After I trim the bushes, I will have to clean the branches up out of the flower bed. It will take me so long to clean up the branches, my daughter will have to wait for me to wash her hair.

If she waits long enough, she'll do it herself ( … or not.)

After I wash her hair, I’ll remember that I still haven’t cleaned out the garage. When I go out there, my husband will follow me and decide we need to change out the fluorescent bulbs.

If we change out the fluorescent bulbs, we will have even more to take to the hazardous materials drop-off. But, we'll never go, so the bulbs will collect in the corner.

I will come in to wash my hands and think about writing this blog.

If I write long enough, my husband will go to bed without me and soon I'll realize I'm tired and want to go to bed.

And if I go to bed, I’ll be wishing I could sleep in the next day.

But I can't because it's not the night before a holiday. (Too bad, too, 'cause if it was, I’d have time to clean out my garage.)


Sunday, May 25, 2008

Déja Vu

“Because of the LORD's great love we are not consumed, for his compassions never fail.
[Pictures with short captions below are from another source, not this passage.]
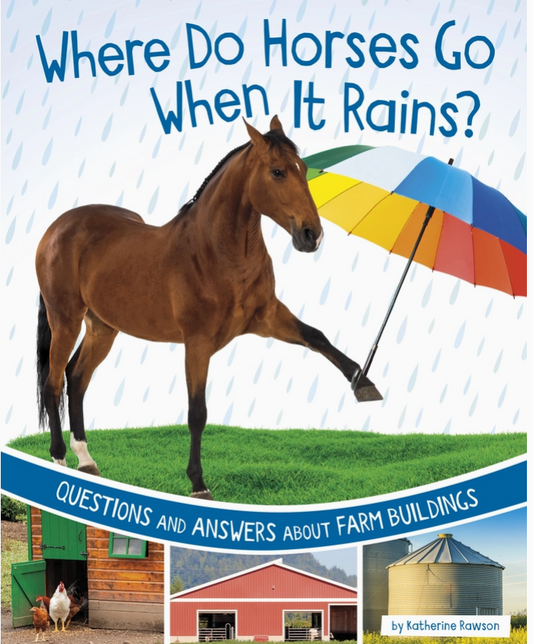 Where Do Horses Go When It Rains?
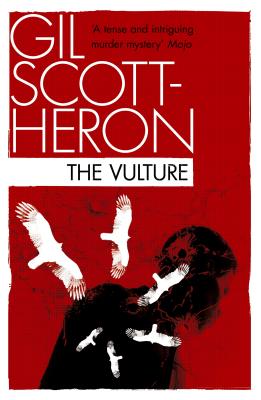 The Vulture By Gil Scott-Heron Cover Image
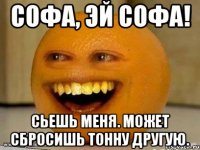 Софа, эй Софа! Сьешь меня. Может сбросишь тонну другую.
They are new every morning; great is your faithfulness. " ~Lamentations 2:22-23

“Then maidens will dance and be glad, young men and old as well. I will turn their mourning into gladness; I will give them comfort and joy instead of sorrow.” ~Jeremiah 31:13

The earth laughs in flowers.” ~e. e. cummings

I told someone the other day that I had had my Christmas wreath up on the front door for a year and a half, but that’s not entirely true. Actually, I have only had the Christmas wreath up sixteen of the last nineteen months. There was an autumn wreath up there for three months in the middle.
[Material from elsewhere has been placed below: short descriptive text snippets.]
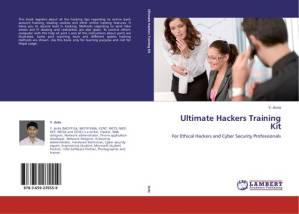 دانلود کتاب Ultimate Hackers Training Kit: For Ethical Hackers and Cyber Security Professionals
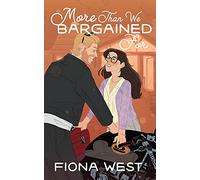 More Than We Bargained for: A Small Town Romance: 4 (Timber Falls)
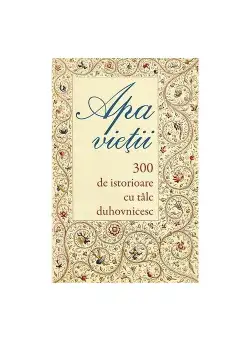 Apa vietii. 300 de istorioare cu talc duhovnicesc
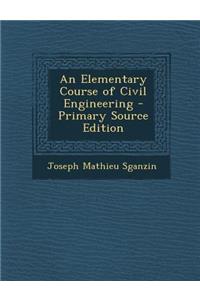 Elementary Course of Civil Engineering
Now, before you start judging me, know that the wreath is green and gold with white poinsettias … not exactly what you’d immediately notice as being holiday faire from the street. I mean, you actually have to go all the way to the front door and take conscious notice of the piece before you’d even realize it as being seasonally displaced.

A few of my girl friends had noticed, but ironically, it took a comment from a fifteen year old boy to make it all feel awkward enough to actually do something. I tried pointing out to him that there was a mark on the door behind it, and unless I was going to repaint the door, I couldn’t really take it down. And no, I didn’t have another wreath (besides the one with pumpkins and fall leaves on it.) He didn’t look convinced, instead giving me the one-raised-eyebrow “whatever” look teenagers have made famous.
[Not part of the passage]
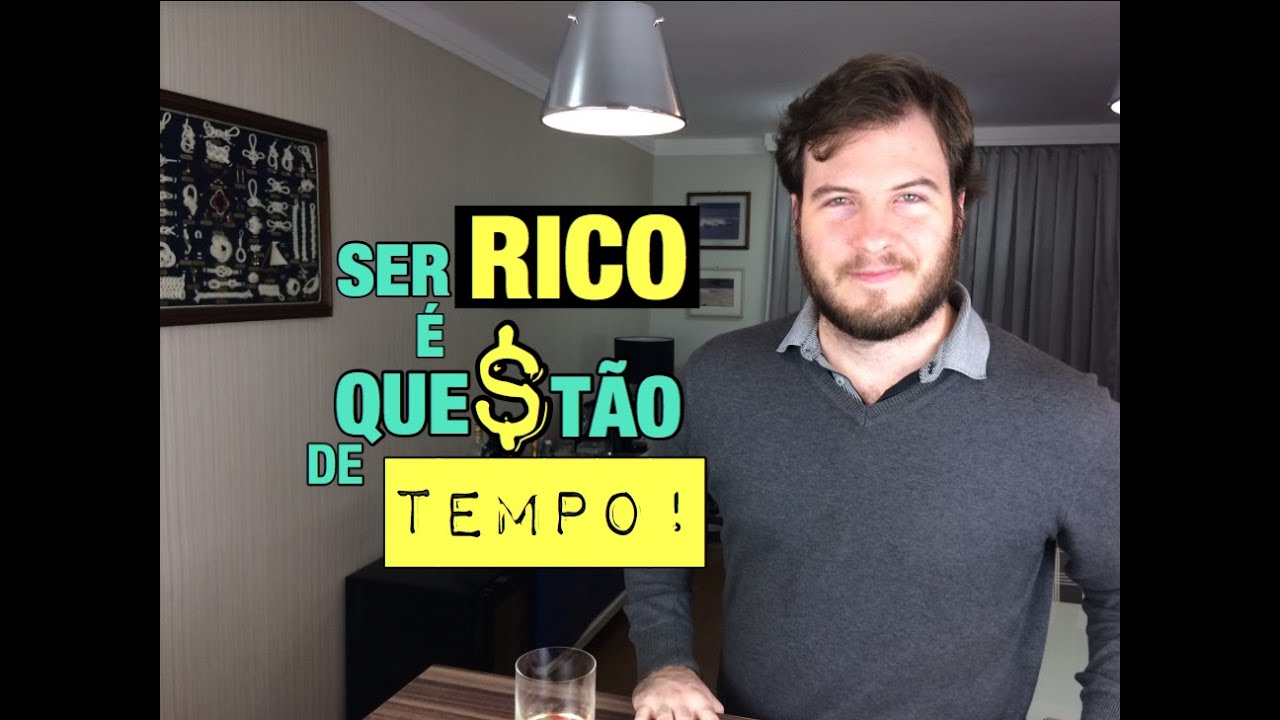 🔴 Ser Rico é uma Questão de Tempo e Conhecimento!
Thanks to John, the world can now breathe a sigh of relief. I purchased the materials to create a new spring/summer wreath. My daughter and I went to Hobby Lobby to get a birthday present for her friend and on our way to the checkout, I ducked into the floral aisle to see if I could make a quick decision (we were on a tight schedule, you see.) She humored me (she wants to help me make it, so she was game) and we quickly chose an 18” straw wreath. Then, instead of picking out several different picks to mix and match (which has always been my modus operandi), I led her to the variety “bunches.” Many of them were bright colors – definitely summery, but a little too brash for my taste. I decided on a lovely arrangement (well, as lovely as you can get with fake flowers) of peach, purple, and white flowers. We made our purchase and headed off to the party.

Several miles down the road, I was suddenly overcome by a very strange feeling of déja vu.

The flowers! I have seen them before!

At a light, I reached for the bunch, whipped them out of the bag, and stared with wide eyes.

Yes. Yes! Oh my. OK, this is a little freaky.

“What is it, Mom?”

“Oh, well, um … you see these flowers? I’m pretty sure they’re the same flowers that my mom had placed on Uncle Steve’s grave when I visited it last September.”


Uh huh. That’s how I feel. A little creepy …a lot strange.

“Does that ... bother you?”

“Well, no, honey, not really. It’s just so strange! But, you know, it shouldn’t be. Really all it shows is that Grancy and I are drawn to the same kinds of things.” (Yes, it’s true. I am my mother. Fortunately, I like my mother! Love you, Mom!)

Well, I couldn’t wait to get home. You see, I had actually saved some of the flowers from the day I visited his grave site. Two flowers had fallen off of the arrangement and I figured not only would I end up with something to remind me of that moment, but I would also be picking up litter. (Yes, Dad, you taught me well. I love you, too!) So, I stuffed the two flowers in my purse and brought them home.

Now I sought them out where I was sure I had placed them some eight months ago.

They were faded somewhat, but otherwise an exact match.

A flower from the bunch I purchased (above)

... and a flower from my my brother's grave (below).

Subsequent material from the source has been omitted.